Anything but clousers!! Don’t get me wrong, the clouser is the fishiest fly out there, but is an accident waiting to happen out of the yak. I don’t know how MANY TIMES I’VE BOUNCED THESE FLIES OFF THE BACK OF MY HEAD AND OFF THE YAK breaking the eyes off and ruining the fly. Impaling the fly into my pfd is one of my favorites. I like baitfish shaped flies tied with synthetic material for weight. An 8” mackerel pattern tied with synthetics is a lot easier to cast that a natural fiber fly. With the floater, pencil poppers, gurglers, and sliders.
Casting From the Kayak
Standing on flat ground, I can make 2 back casts, double haul, and throw my depth charge till my backing and fly line hit my first guide. From the yak, 70’ is all I can manage. That’s on a good day. Distance is not that important when fishing from the yak. A 45’ cast is all you need to fly fish effectively. I cast from 2 positions in the yak. When drifting from left to right I like to shoot my line at the 11 o’clock position and strip line into the water on the left side of the yak. I also like to sit sidesaddle and cast to the 9 o’clock position.
The kayak enables me to get into places that are not reachable with a boat. Boulder fields and shallow rocky shoals that I fish will tear a lower unit right off. The yak goes right over and into some off the fishiest places. Okay, let’s say I’m going to fish a rocky shoreline. The current is running left to right, my bow pointed to the shore. Shooting my cast at 11 o’clock, I count down my fly to depth and start my retrieve. I like to throw the fly right into the rocks sometimes landing the fly on them. I try to hit every pocket, every rock, and every piece of structure on the drift. I also will vary my retrieves and depths in the areas I drift.

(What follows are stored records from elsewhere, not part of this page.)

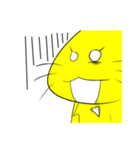 黄色猫（個別スタンプ：36）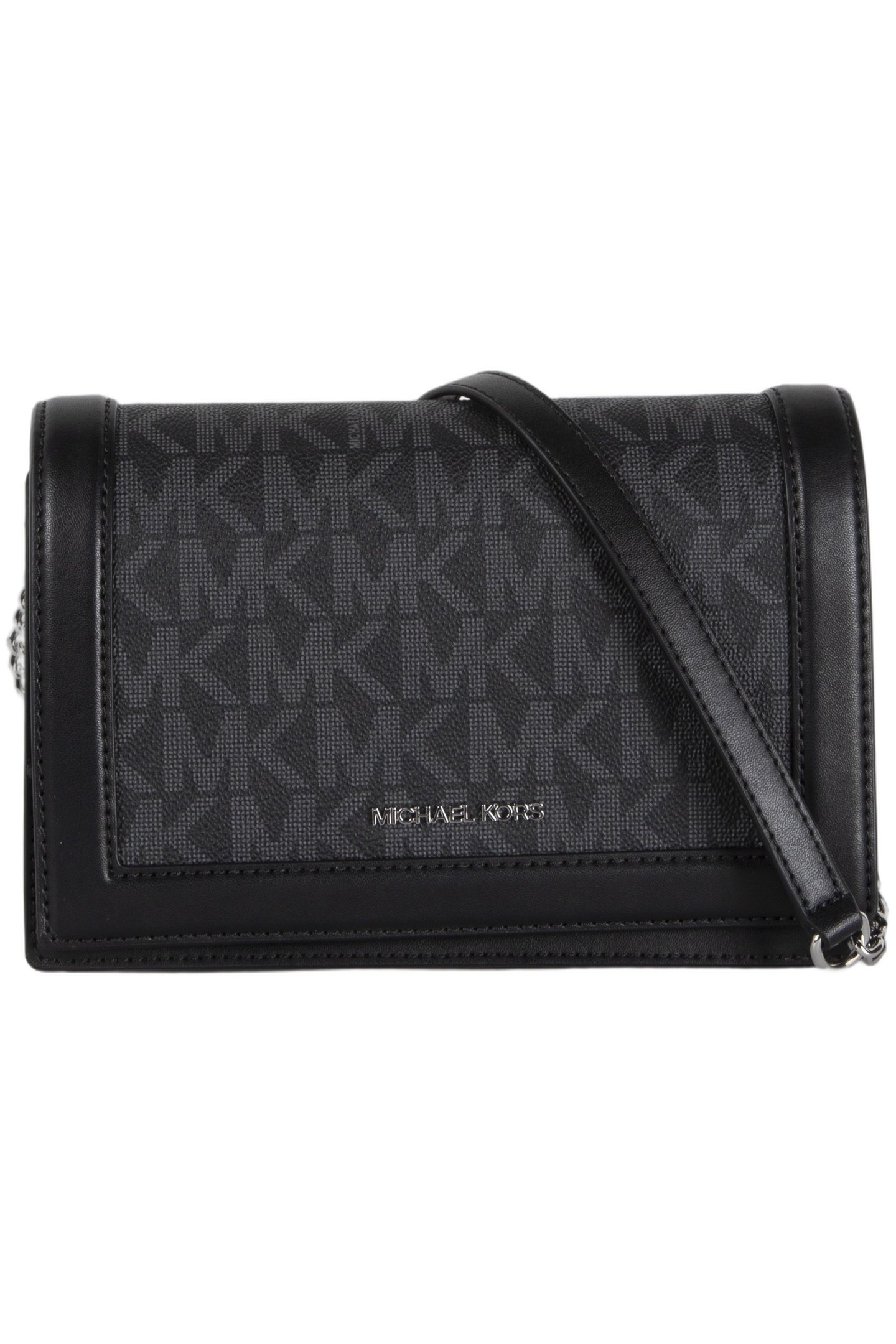 LARGE FULL FLAP CROSSBODY BAG BLACK 3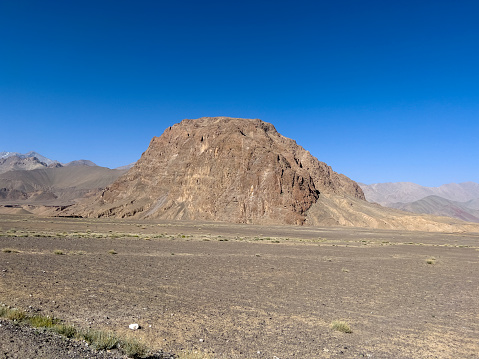 The barren mountains of Badakhshan.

Fly fishing for stripers in a kayak is very effective. Some days are unforgettable, some not so good. Like I said earlier, fly fishing for big stripers is tough. Don’t get discouraged, keep at it. What I wrote here are some of the things I do. Don’t be afraid to experiment. Most importantly ask questions and keep at it. Believe me, there is nothing that compares to a good fish on the fly in a yak. Line screaming off the reel, rod doubled up as the fish sounds, and being towed around. Good luck and have fun!